(ilustração de William Blake para a Divina Comédia de Dante)
Numa
entrevista concedida certa vez a Geneton Moraes Neto, Ariano Suassuna falou
sobre o assassinato de seu pai João Suassuna (morto de emboscada numa rua do
Rio, por um pistoleiro a mando de líderes políticos adversários). Sabendo que estava jurado de morte, João
deixou uma longa carta para a esposa e os filhos, dizendo que era inocente do
crime de que os inimigos o acusavam (de ter ordenado ou incentivado o
assassinato do governador João Pessoa), e dizendo: “Se eu for morto, não se
vinguem. Não se tornem assassinos por minha causa.”
O
assassino foi condenado a quatro anos e cumpriu dois; viveu até uma certa
idade, e houve uma época em que morou a poucos quilômetros de onde viviam a
viúva e os filhos da vítima, a esta altura todos adultos. Inquirido pelo
repórter, Ariano admitiu que passou a vida dividido entre essas duas forças
opostas, a possibilidade de vingança (e, de acordo com um certo código
sertanejo, a obrigatoriedade moral da vingança), e do lado oposto a serenidade
do pai e a firmeza da mãe. E ele diz a
certa altura: “Eu já cheguei a rezar por ele”.
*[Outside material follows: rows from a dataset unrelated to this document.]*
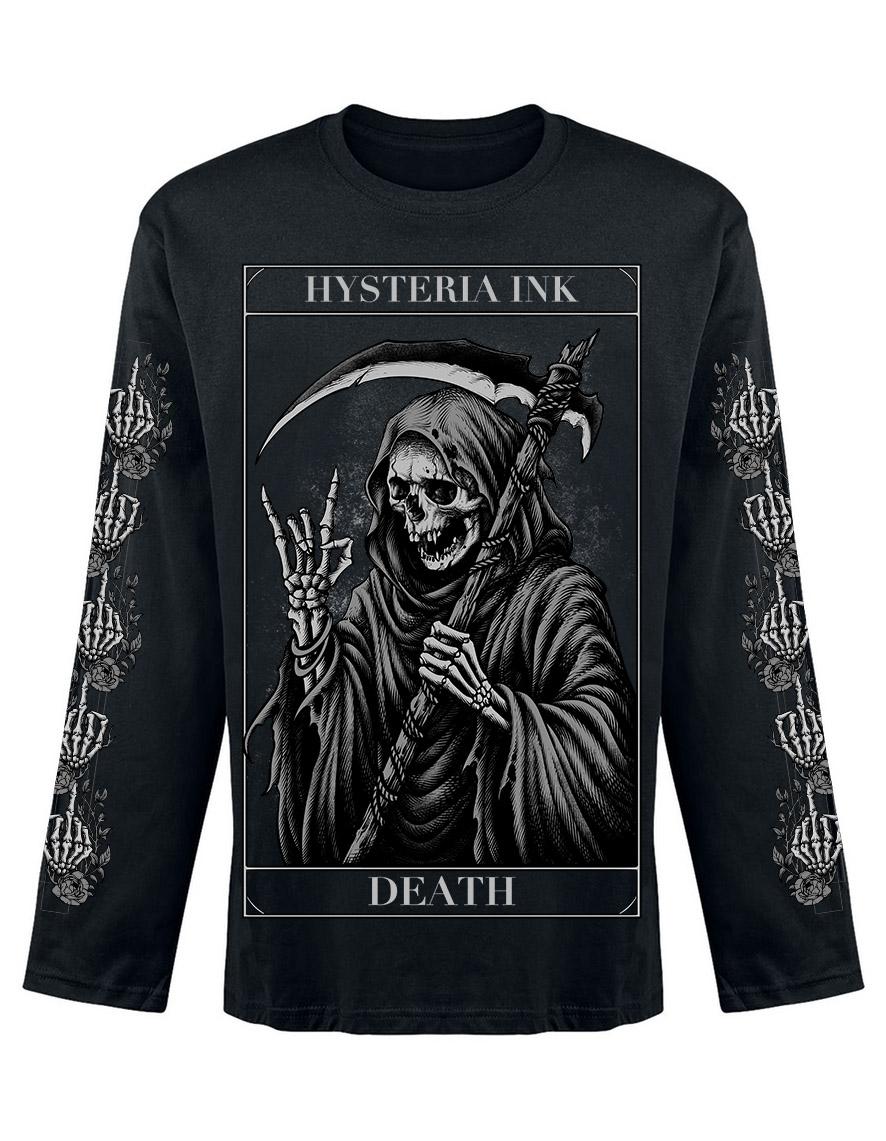 T-shirt unisexe manches longues Hysteria Ink Death Tarrot Ink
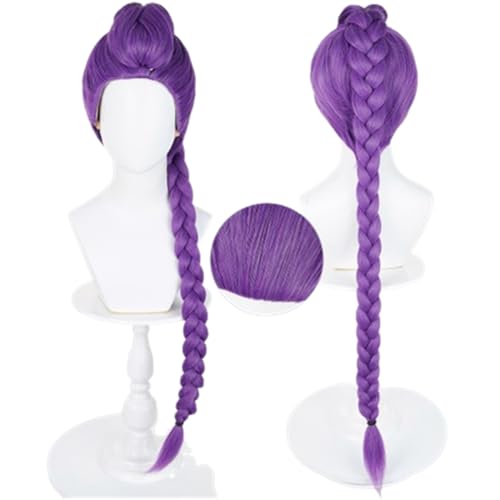 COSPLAZA Frauen Dämon Perücke Lila Rumi Lang geflochten gemischt Lila Pop Star Demon Cosplay Perücken Clip auf Geflochten COSPLAZA Frauen Dämon Perücke Lila Rumi Lang geflochten gemischt Lila Pop Star Demon Cosplay Perücken Clip auf Geflochten von COSPLAZA
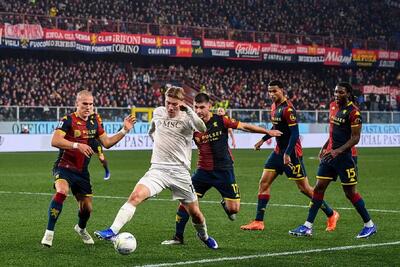  گزارش تصویری دیدار جنوا و ناپولی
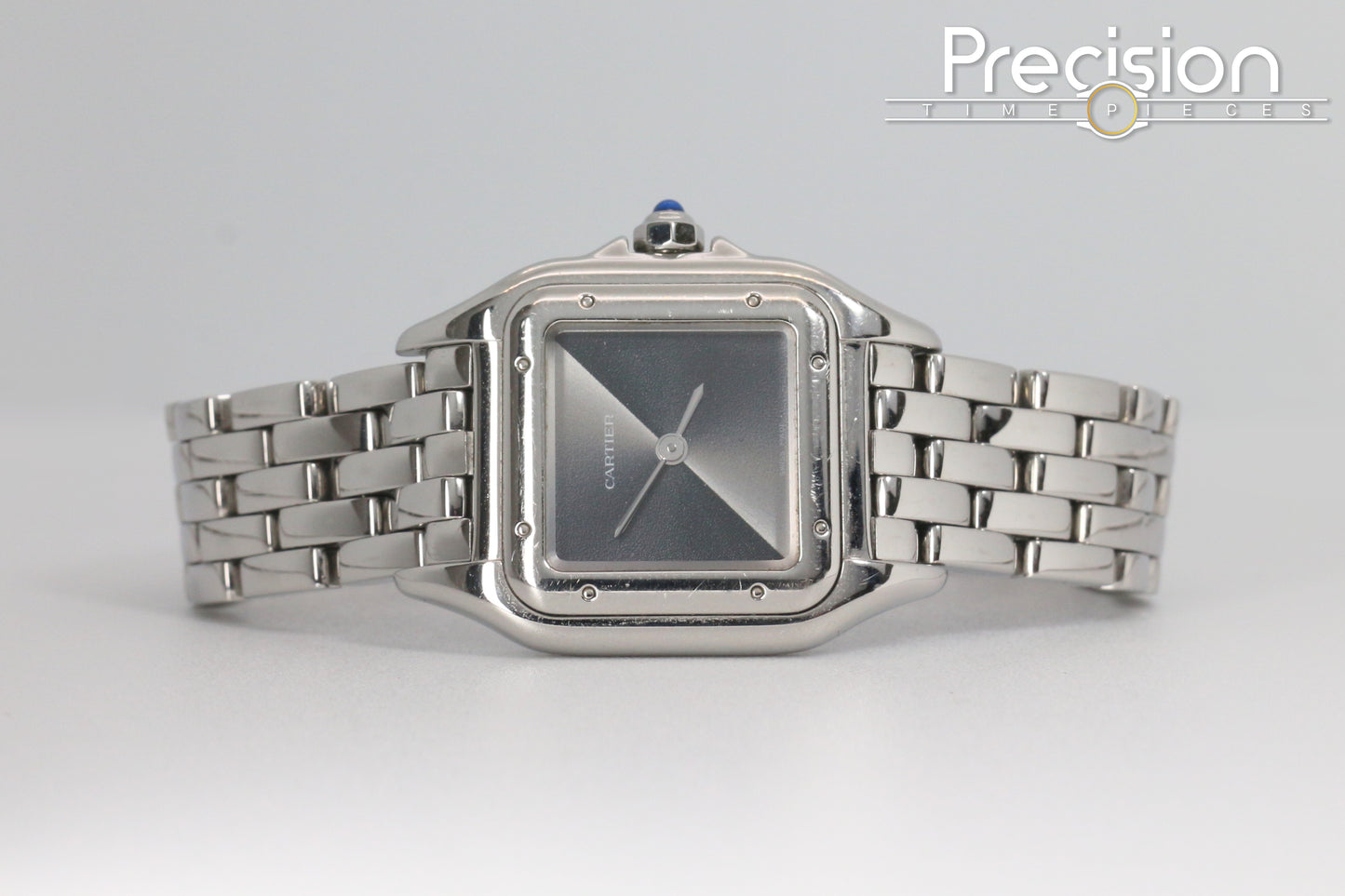 Cartier Panthère Ref: WSPN0010 Gray Dial 22mm Quartz Full Set Stainless Steel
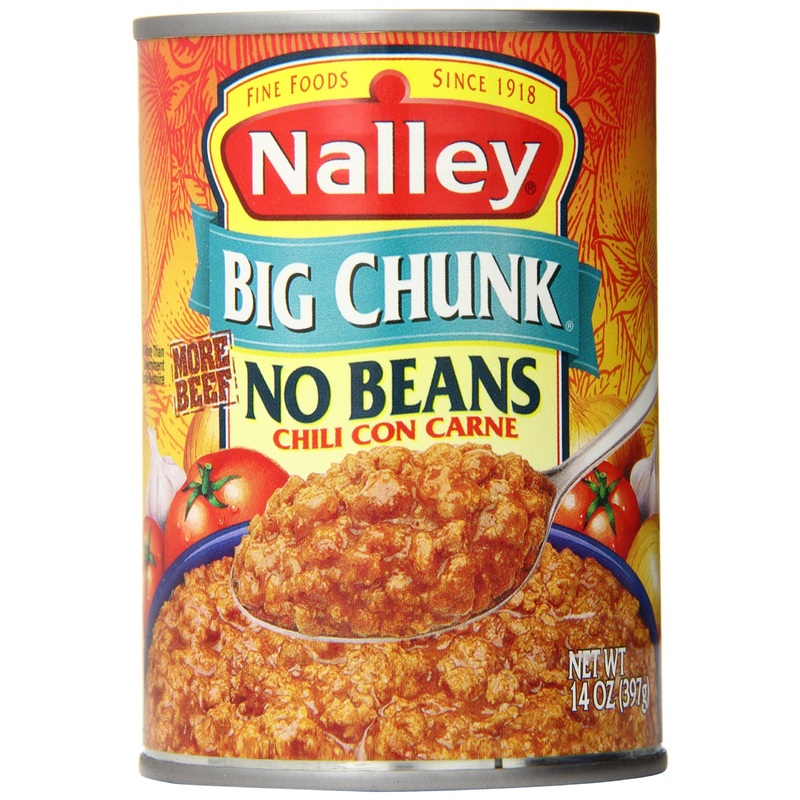 Nalley Chili Con Carne No Beans, 14-Ounce Cans (Pack Of 6)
Geneton pergunta: “E o que falta para perdoá-lo?” Ele diz: “Sentir por
ele o mesmo que sinto pela minha esposa, meus filhos, meus amigos”.
Ariano
tinha essa angústia moral dostoievskiana diante da face torva do mundo. Diz ele
na entrevista que considera o inferno como uma parte mais profunda do
purgatório, um lugar de expiação, onde as almas sofrem uma purificação pelo
sofrimento e de onde um dia podem emergir, redimidas. “Eu me recuso a acreditar na eternidade do inferno,” diz ele na
entrevista. “Isso seria um absoluto, e absoluto só Deus. E hoje, depois de
pensar muito anos, eu diria que estou me aproximando do perdão, porque se
dependesse de mim a permanência dele no inferno, eu diria: pode sair.”